Firstly some comments on the code:

  • Please provide a fully working example – In general, if there in the question is not a fully working example code, it'll be shut down immediately. Please provide something like the above code segment.
  • Name and comment – Providing good names and comment to illustrate what the code does is vital. Using anonymous name like lst, item, and no comments, makes the code a lot harder to read.
  • Do you keep lst in memory? – In the text you state that lst has over 2.6 million entries, do you keep all of this in memory? That could possibly effect your running times severly depending on your hardware resources. You might want to look into some algorithm leaving it in file or in a database, or whatever suits your needs.

Alternate solution

You're asking for a faster solution, so let us analyze what is happening in your code currently:

  • You loop through the entire in-memory lst once, and create a new set for each item
  • This set(item) is then compared to repeatedly created set(keep) (could be optimised away by the compiler), to check which is lesser
  • If lesser, the list comprehension keeps the item

The operations in here is \$O(N)\$ where N is the number in the list, and that you can't beat. The cost for each element is the creation of one or two sets, and the comparison of those sets, which is dependent on the size of the sets \$O(M)\$. In general since the \$N << M\$, the loop over the elements should be prominent.

This means, without changing the data structures there is not a whole lot to be gained, as you do need to loop through all elements, and you need to verify membership agains the keep list. If any optimization is to be performed it needs to address the actual comparison somehow.

Another view on your solution is the readability of your code, and how to understand what is happening. The list comprehension is understandable, but the set comparison is not obvious to me, at least, and I would have liked a comment. Or a rewrite, so let us attempt an rewrite for readability and see how it performs. This rewrite is using a Python specific concept to avoid a flag variable:

keepers = []
for candidate in lst:
  for keeper in keep:
    if not keeper in candidate:
      break

  else:
    keepers.append(candidate)

This code expands the list comprehension into the double for loop which is hidden in the list comprehension. The inner for loop breaks up the keep list into each element, and tests for memberships. The criteria for the candidate to be kept is that all elements should be members, so if any member is not present, we break out and start checking the next candidate.

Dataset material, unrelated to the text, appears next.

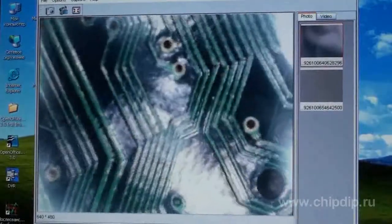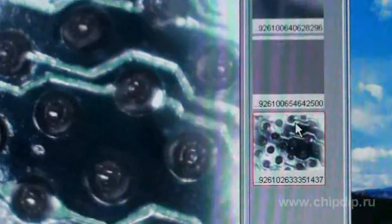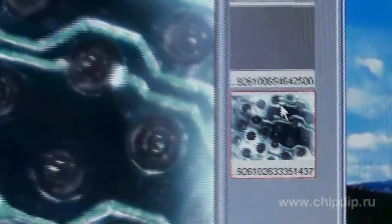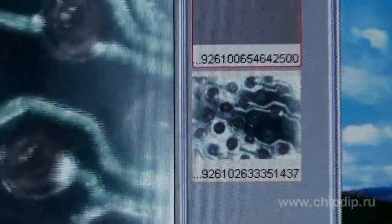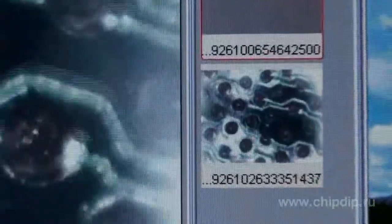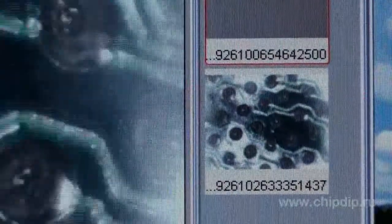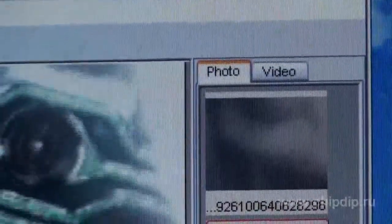Photo format JPEG, maximum resolution 1280 by 1024. Video format AVI with a maximum resolution up to 1280 by 1024. Frame rate 30 frames per second.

The trick to this solution is that if the inner for loop doesn't complete naturally (aka no breaks), the else part is not executed. Try the following and play with it, to understand this mechanism:

for i in range(5):
  if i == 3:
    break
else:
  print "This didn't end naturally"           # Not executed

for i in range(5):
  if i == 7:
    break
else:
  print "The loop finished without breaking"  # Executes

Whilst I was writing this answer, the answer with using the all concept came in, so I included that in some basic timeit tests to check for running times, and the result surprised me a little:

Original method: 2.62324810028
Using all():     3.84744811058
Double for loop: 1.84868502617

This was tested using the original lst duplicated a few times to get a slightly larger set, but it does show that using the double for loop like I did, is currently the faster solution, and it runs at about 33% faster than the original code, and the solution using all() is actually quite a bit slower.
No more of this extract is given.